Il testo è una rivelazione poderosa. Viene sequestrato dal giudice Bartolomei de L'Aquila per il suo contenuto ritenuto scandaloso. Un linguaggio nuovo, aperto, fragoroso, che racconta un'intera generazione come pochissimi avevano fatto prima. Attraverso il fumetto, la musica, il cinema, ma anche il dialetto emiliano, le bestemmie e la narrazione senza sotterfugi degli incontri omosessuali, Tondelli diventa una bandiera della critica gay.

La sua scrittura è rivoluzionaria. Anche nel successivo romanzo, ''Pao Pao'' (la sigla PAO sta per Picchetto Armato Ordinario) compie un altro capolavoro evocando l'esperienza della caserma per intrecciare i fili di una trama sentimentale e comica che narra le storie amorose di una compagnia di giovani durante l'anno di servizio militare. E' il racconto di una vitalità che si contrappone alle istituzioni, ai codici disciplinari, alle gerarchie. Questo romanzo segna il confine con un primo passaggio della sua esistenza. Passa infatti a Bompiani e continua a scrivere indefessamente. Ha 30 anni, tra l'Italia e l'Europa. Nel 1986 inventa per Transueropa Edizioni il progetto ''Under 25'', una palestra per giovani narratori.

Da Milano a Berlino la vita di Tondelli è sempre un viaggio. Di pensieri, città e creatività. In pochi anni - sul finire degli anni ottanta - pubblica ''Camere separate'' e ''Un weekend post moderno'', una raccolta di articoli che commenta con queste parole: ''Un viaggio per frammenti, reportage, illuminazioni interiori, riflessioni, descrizioni, nella provincia italiana, fra i suoi gruppi teatrali, i suoi artisti, i suoi filmaker, i videoartisti... la fauna trend che da Pordenone a Lecce, da Udine a Napoli, ha contribuito a rivestire quegli stessi anni Ottanta, vacui e superficiali in apparenza, di contenuti e sperimentazioni, al punto da proporre, come capitale morale del decennio, non più una città, ma l'intera provincia italiana''. Cose viste, cose pensate. Un bagaglio esplosivo e sempre curioso che lui mette nero su bianco con la costanza e la voglia di lavorare di chi impegnato lo è davvero e senza protagonismi. Si occupa persino di una rubrica (sulla rivista ''Rockstar'') che si chiama ''Cultur club'', in onore del mitico gruppo pop di Boy George. Dischi, libri, film. Anche utilizzando la lente di uno ''spazio'', egli non disdegnò mai il dialogo continuo con la sua generazione, con le sue manie. Una sorta di ''Diario pubblico'', seguito ed apprezzato.
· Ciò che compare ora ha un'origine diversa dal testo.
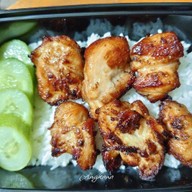 ไก่ย่าง+หมูย่าง+ใส้กรอกอีสาน บางคล้า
Ammalato di Aids, Tondelli si spegne a soli 36 anni mentre ancora lavora, elabora, crea.

Un grande talento, Tondelli, che sapeva raccontare le storie di una gioventù e di un'umanità difficili da comprendere e da spiegare, catalogare. Ragazzi e ragazze che ascoltavano, amavano, sparavano, speravano e sparivano nel bisogno di proliferare emozioni.
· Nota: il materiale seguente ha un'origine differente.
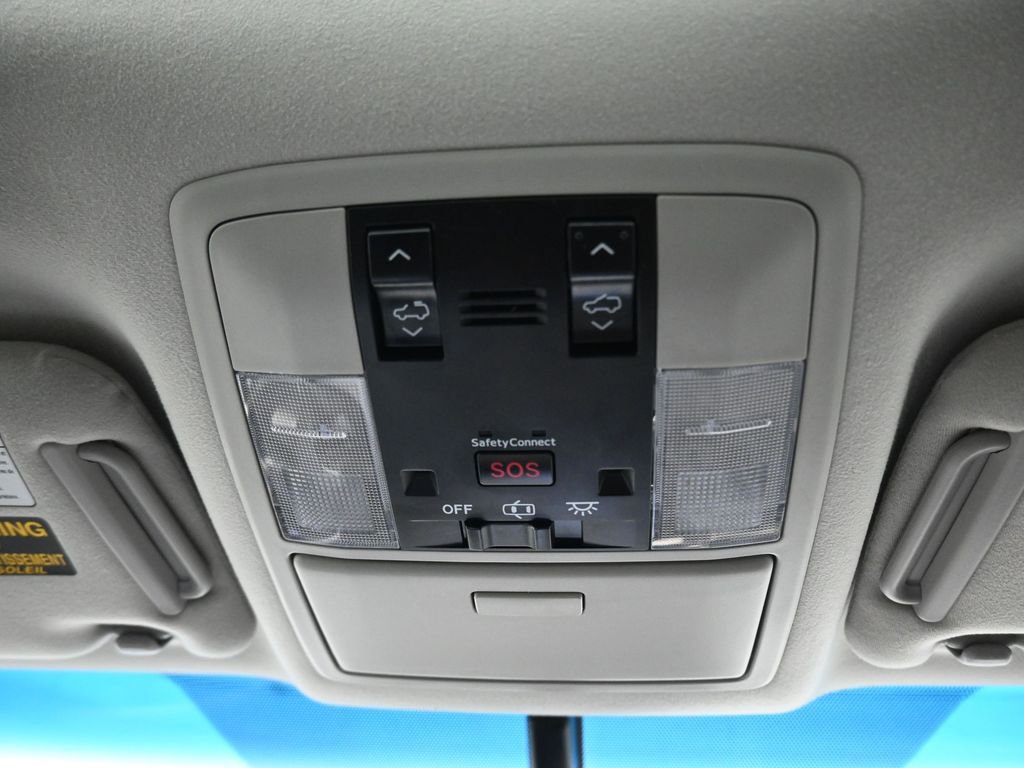 Used 2016 Lexus GX 460 w/ Navigation Package image 26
Uno scrittore che indagava, con curiosità, tutto quello che in quegli anni era cultura ed esistenza quotidiana. Dentro a quella generazione che è stata molto libera, forse la più libera di tutti. Come forse non è accaduto più successivamente. Libera dagli steccati, dai confini, dalle gabbie ideologiche, dagli schieramenti di branco, con un piede nel passato e con lo sguardo dritto e aperto sul futuro- come cantava Bertoli – forse un po' rassegnata ma anche curiosa di scoprire, di innovare. Libera di partire o di restare. Libera d vivere e persino di morire.

Tondelli aveva la capacità di lanciare nelle stanze di ogni lettore una forza emozionale che lo rendono ancora attuale.

Ci ha ha lasciato, per questo, una lezione preziosa. Era denso, magistrale. Difficile – a tanti anni di distanza dalla sua morte – lasciarlo nell'oblio.